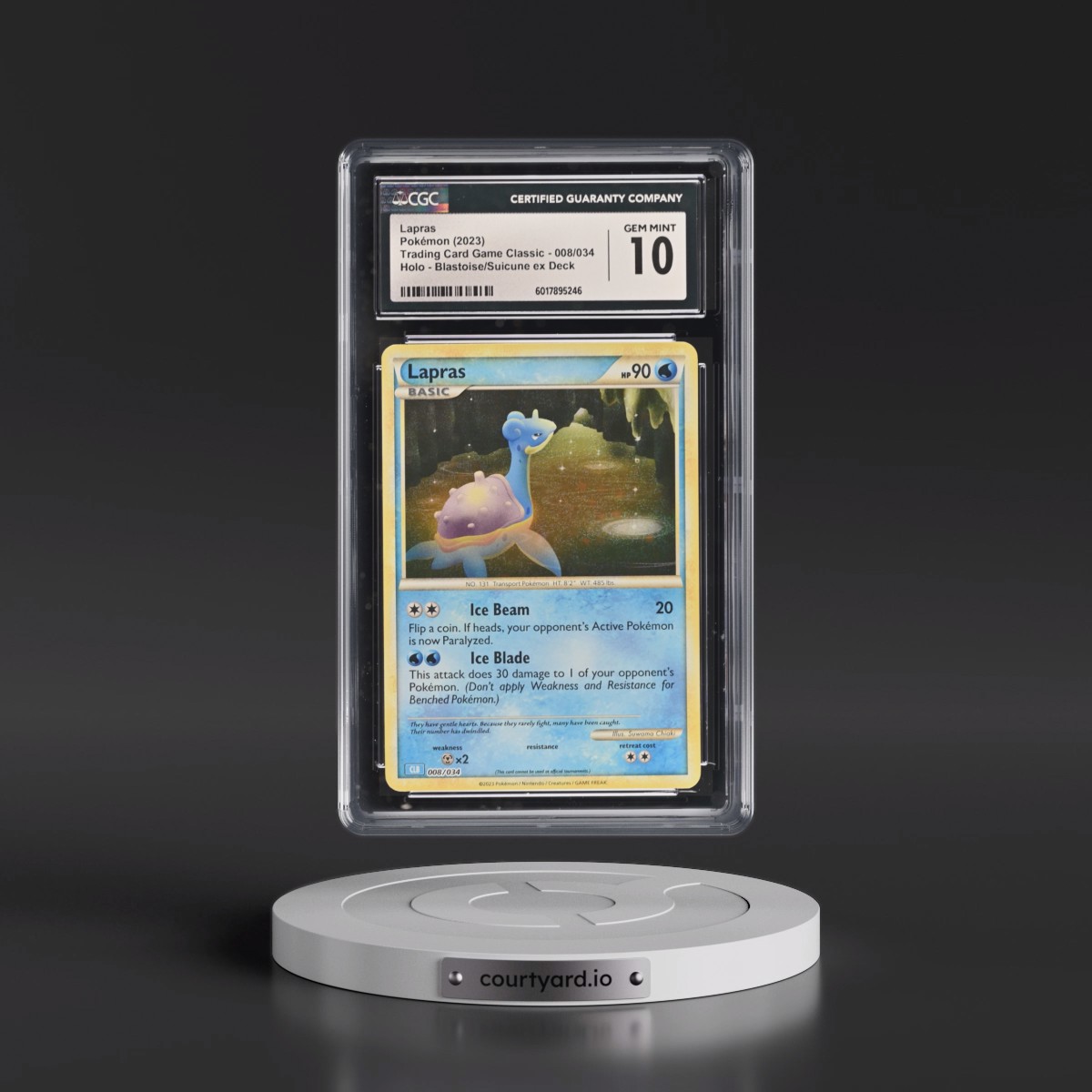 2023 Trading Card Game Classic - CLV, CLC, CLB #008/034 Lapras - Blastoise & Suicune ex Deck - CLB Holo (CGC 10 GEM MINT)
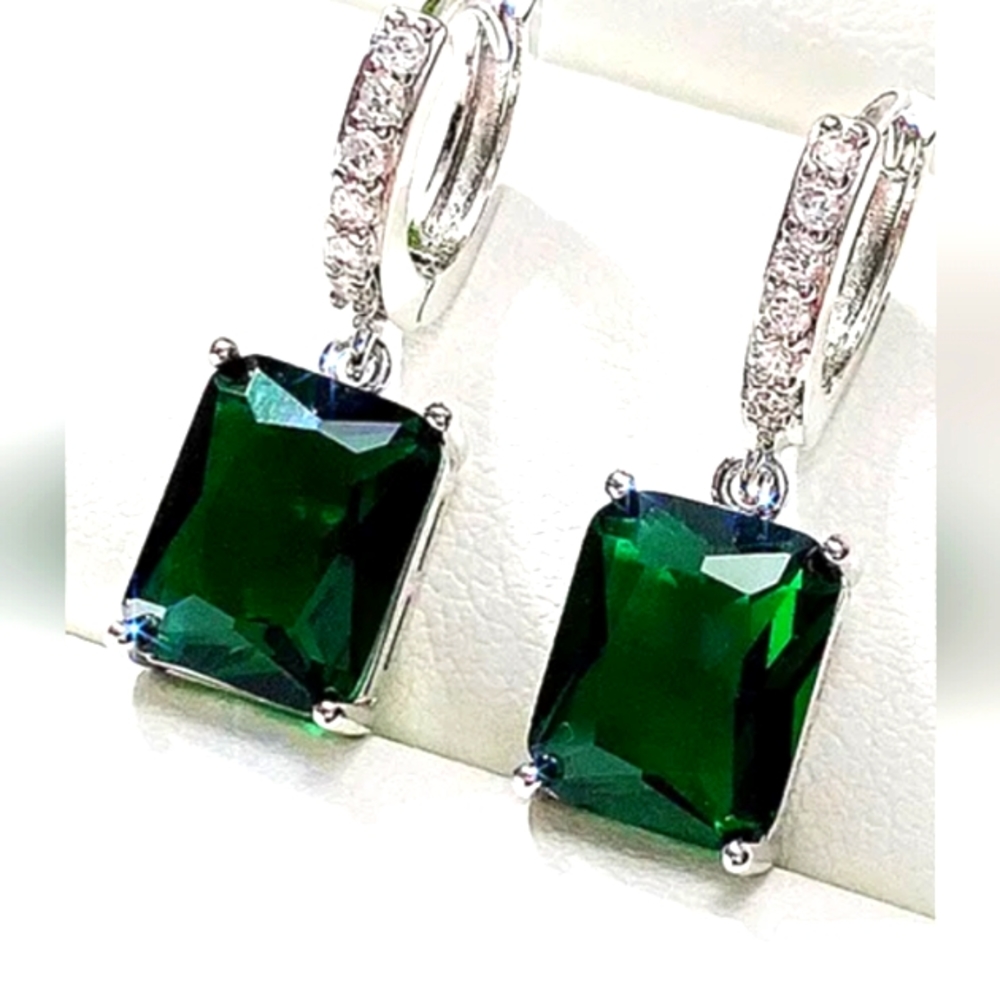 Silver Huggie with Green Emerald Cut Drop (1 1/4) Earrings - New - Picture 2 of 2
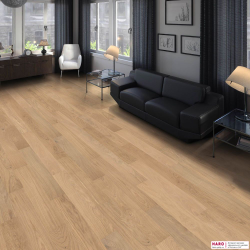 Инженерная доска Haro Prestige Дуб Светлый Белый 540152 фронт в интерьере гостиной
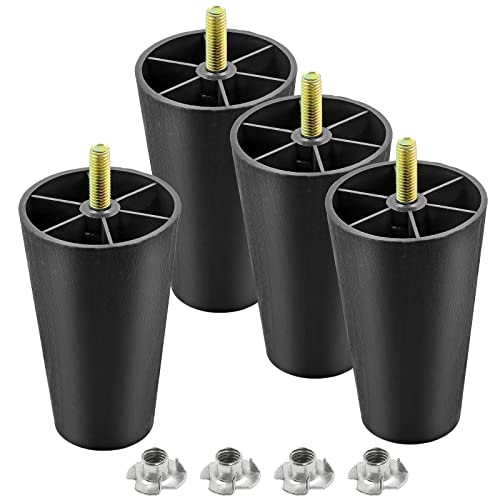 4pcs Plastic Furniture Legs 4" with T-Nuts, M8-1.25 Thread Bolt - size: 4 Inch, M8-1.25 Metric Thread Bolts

:::

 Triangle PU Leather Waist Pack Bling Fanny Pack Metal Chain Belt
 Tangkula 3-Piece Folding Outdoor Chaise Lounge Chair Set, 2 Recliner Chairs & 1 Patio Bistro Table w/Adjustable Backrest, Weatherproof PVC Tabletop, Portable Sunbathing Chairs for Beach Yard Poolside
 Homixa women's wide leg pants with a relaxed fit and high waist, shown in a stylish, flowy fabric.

:::

**Work item**
Print the part of the listing above that opens with the line containing "2023 Trading Card" and closes with the line containing "4pcs Plastic Furniture". Copy it exactly, both ends included, and omit the pictures.

**Task result**
 2023 Trading Card Game Classic - CLV, CLC, CLB #008/034 Lapras - Blastoise & Suicune ex Deck - CLB Holo (CGC 10 GEM MINT)
 Silver Huggie with Green Emerald Cut Drop (1 1/4) Earrings - New - Picture 2 of 2
 Инженерная доска Haro Prestige Дуб Светлый Белый 540152 фронт в интерьере гостиной
 4pcs Plastic Furniture Legs 4" with T-Nuts, M8-1.25 Thread Bolt - size: 4 Inch, M8-1.25 Metric Thread Bolts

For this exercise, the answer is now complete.